The following is the full text of a speech given by Alex Wolff at the Addison County Chamber of Commerce’s annual meeting Sept. 12.
Everyone’s Invited:
Addison County and the New Endurance Sports Boom
We live in an old farmhouse in Cornwall. Our front yard faces a road where a long hill flattens out obligingly beneath the canopy of a large pig-nut tree.
I say “obligingly,” because for a dozen years now my wife and I and our two kids have watched bicycle tour groups labor up that hill. The riders will pause in the shade at the top to collect themselves, smooth out their Lycra, and take long draws from their water bottles.
Many people would recognize a thirsty consumer of high-end bicycling products as a potential customer. Our kids certainly did. They would set up a lemonade stand under that pig-nut tree and do a brisk business. After refreshing themselves, the cyclists would roll on, past pastures and barns, toward that night’s lodging in Shoreham.
Residents of Addison County know the scene as well as the bike-tour companies do, and as well as the riders who take those tours do. It’s all there in that tableau: The interplay between the natural and built environments . . . the timeless appeal of outdoor recreation . . . and, amidst all this, commerce with a human touch.
I hope you’ll keep in mind that image—of cyclists spending their coin on our roads—as I build out a case for what could be a promising driver of business in Addison County over the coming decades.
A couple of years ago I noticed that Yankee magazine had named Addison County home to New England’s best road cycling, and thought, Why put a good compliment to waste? I mentioned this to my neighbor Bruce Hiland, who was then president of the Better Middlebury Partnership, adding that it would make sense to capitalize on this with some sort of bike event.

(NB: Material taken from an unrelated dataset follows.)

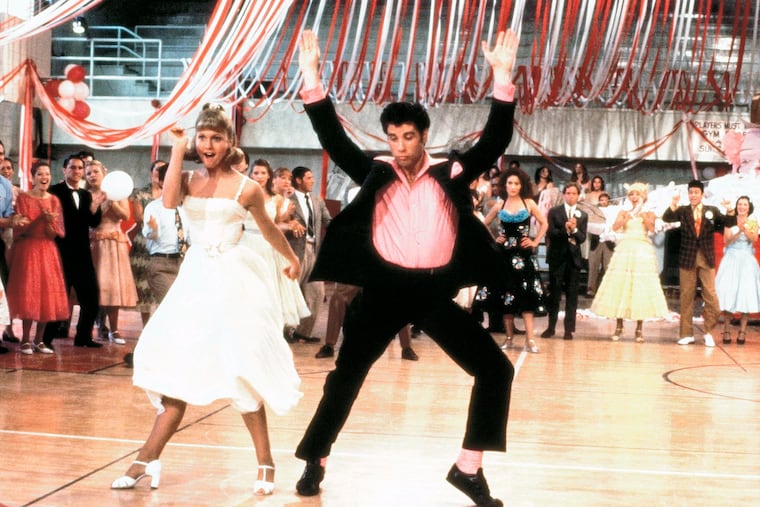 This image released by the Library of Congress shows Olivia Newton-John (left) and John Travolta in a scene from the 1978 film "Grease."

The idea intrigued him . . . the town has had success with a series of recurring, seasonal, themed events . . . and he suggested I speak with another neighbor, his daughter Becky, who runs the Vermont Book Shop.
Aside from being the Addison County Chamber of Commerce’s Business of the Year for 2012, the Book Shop is a little hive of local bike culture. Walk in and you’ll find a selection of cycling books; a magazine rack with a handful of niche-y bike journals; and a signature Vermont Book Shop racing jersey pinned to the wall over the register. It’s not exactly that cafe in Marseille where the toe of former French rider Rene Vietto, lost to sepsis during the 1947 Tour de France, has pride of place in a jar of formaldehyde over the bar. But you take evidence of local bike love where you find it. And when I mentioned the notion of a cycling event to Becky—something to showcase the county, and fold in local food and drink as part of an all-embracing community festival—she told me about a one-day spectacle called a Gran Fondo.
Gran Fondo is an Italian term that means, roughly, “great endurance.” A Gran Fondo is less a bicycle race than a bicycle challenge and festival. At its high end, riders can choose to cover 100 miles or more in a day, often with thousands of feet of elevation baked into the route. But the event usually features a couple of more modest loops too, of 60 and 30 or so miles, to attract those who aren’t cyclists so much as bike riders. Each distance finishes in the same place, where—and you can imagine that the Italians have this part down—everyone gathers for a huge meal.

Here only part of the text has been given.